Féile na bhFlaitheartach is one of the few fully inclusive Irish bilingual festivals, with mainlanders joining islanders in a joint celebration of Liam and Tom O’Flaherty. Marking its centenary, this year’s féile will focus on the Irish Free State and the O’Flaherty brothers as well as on the Civil War in Connemara. On Saturday, August 27th, chairperson Éamon Ó Ciosáin will open the festival at noon in Kilmurvey House, to be followed by the keynote lecture The novels of Liam O’Flaherty - the Free State in the dock by academic Jenny Farrell, who has written extensively on the novels of Liam O’Flaherty from a Marxist perspective.

The second event of the day will take place in the nearby Garden of Remembrance, adjacent to the former O’Flaherty homestead. In a session hosted by Seosamh Ó Cuaig, the Society will first pay tribute to the life and work of Liam’s recently deceased daughter Pegeen O’Sullivan. Following this Máirín Mhic Lochlainn will premiere her own translation into Irish of ‘The Sniper’, the first time this famous short story about the Civil War will be heard in Irish on O’Flaherty’s home island. Jim Ward will then read extracts from Tom’s journalism commenting on the times in English.

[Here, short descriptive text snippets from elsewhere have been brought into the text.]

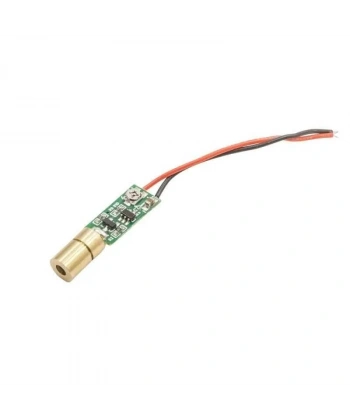 520nm 5mW 3-5V Yeşil Nokta Lazer Modülü
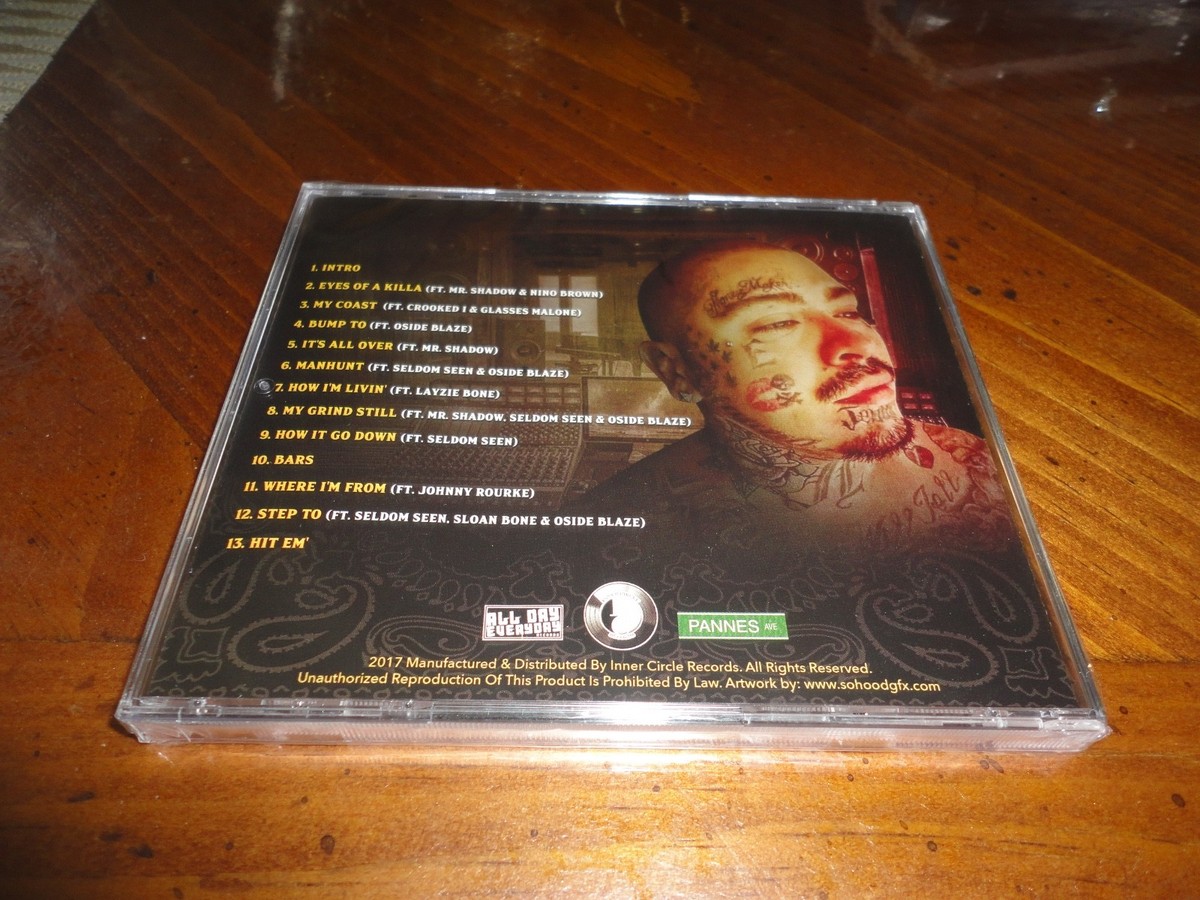 Chicano Rap CD YOUNG TRAV - One of a Kind - Mr. Shadow LAYZIE BONE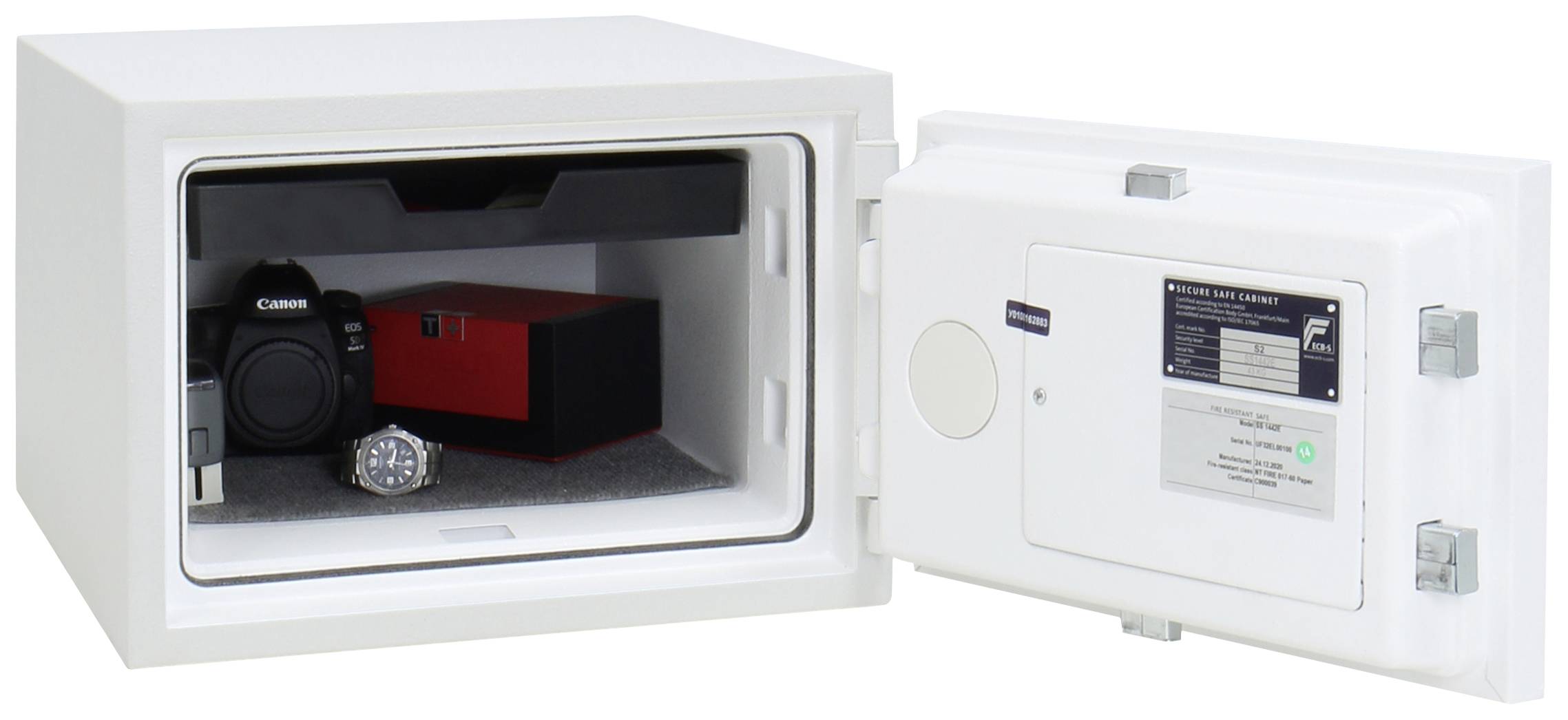 Phoenix SS1442E FORTRESS PRO Tresor feuerfest, wasserabweisend Zahlenschloss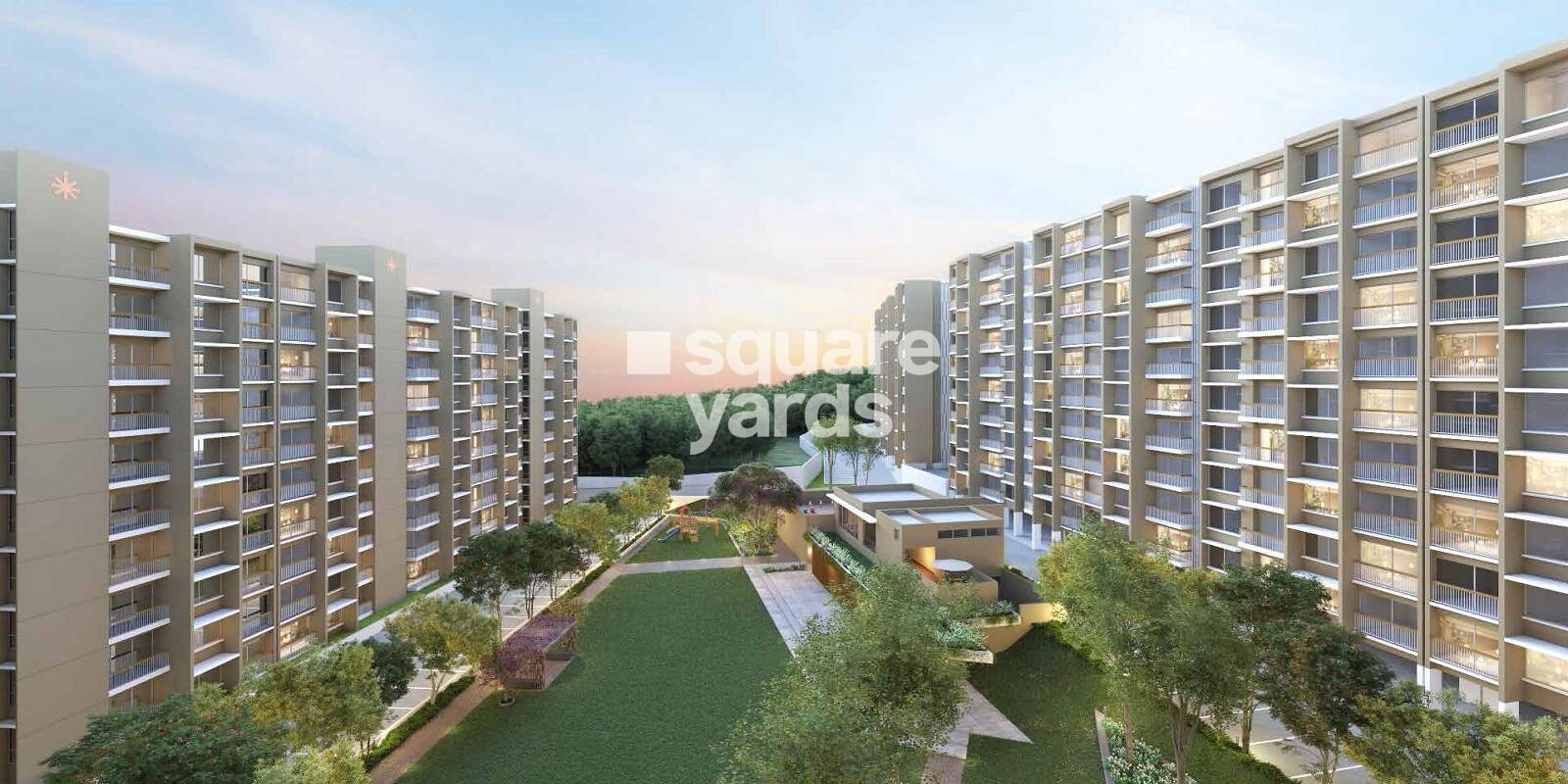Skyi Star City residential project in Dhayari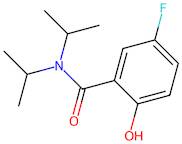 5-Fluoro-2-hydroxy-N,N-diisopropylbenzamide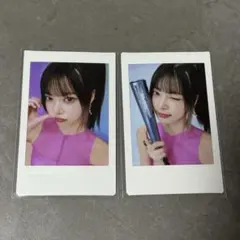 LESSERAFIM ワルツ インスタントフォト ウンチェ 2枚セット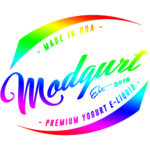 Modgurt Premium Yogurt E-Liquid - Cran-Apple Cream - 30ml / 0mg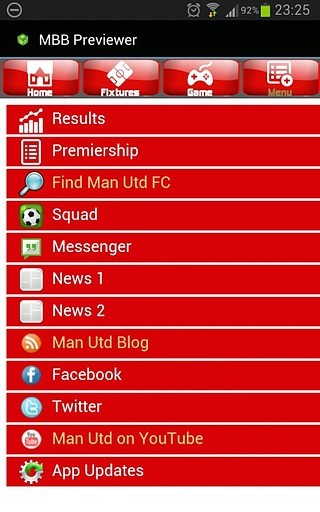 Man United FC Mobi截图1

The evening events will start off with a film screening and dedicated to the memory of Tomás Mac Síomóin, who died in February and who undertook the most significant task of republishing those three of O’Flaherty’s banned novels that had never been brought out again since their first edition, thereby making them available for the first time in Ireland. They are the Galway novel The House of Gold, the social satire Hollywood Cemetery and the Irish Civil War novel The Martyr. The event will be hosted by Éamon Ó Ciosáin and will include readings from Mac Síomóin’s own work and his accomplished translations into English of Inis Mór writer Máirtín Ó Direáin’s poetry. Among the readers will be Tomás’ daughter Seónaidh Ní Shíomóin. The tribute will be accompanied by sean nós singing and traditional music.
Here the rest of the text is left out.